### PROBLEM REQUIREMENTS
Needed from the data below: every line from the one with "中央空調(diào)充氮保壓環(huán)節(jié)需要注意什么問題嗎？" up to and including the one with "Кроссовки Nike Kobe 9 Low Mamba Moment", repeated exactly and with nothing else.

### DATASET RECORDS
[Start of Attachment]
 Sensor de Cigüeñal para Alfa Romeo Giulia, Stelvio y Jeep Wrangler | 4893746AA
[End of Attachment]
[Start of Attachment]
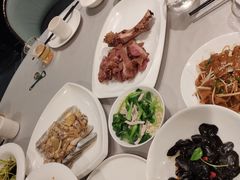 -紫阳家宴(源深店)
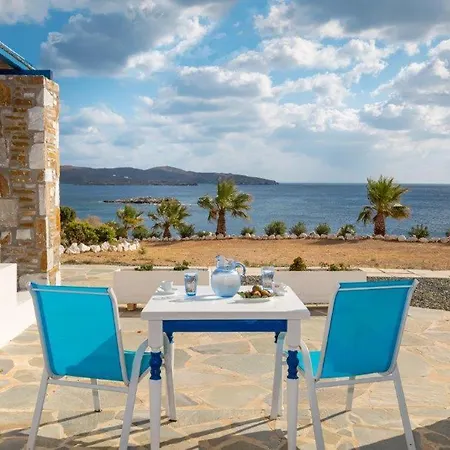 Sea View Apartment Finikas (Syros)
[End of Attachment]
[Start of Attachment]
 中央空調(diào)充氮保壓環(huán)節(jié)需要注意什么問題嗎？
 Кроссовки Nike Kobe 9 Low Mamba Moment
[End of Attachment]
### TASK RESULT
 中央空調(diào)充氮保壓環(huán)節(jié)需要注意什么問題嗎？
 Кроссовки Nike Kobe 9 Low Mamba Moment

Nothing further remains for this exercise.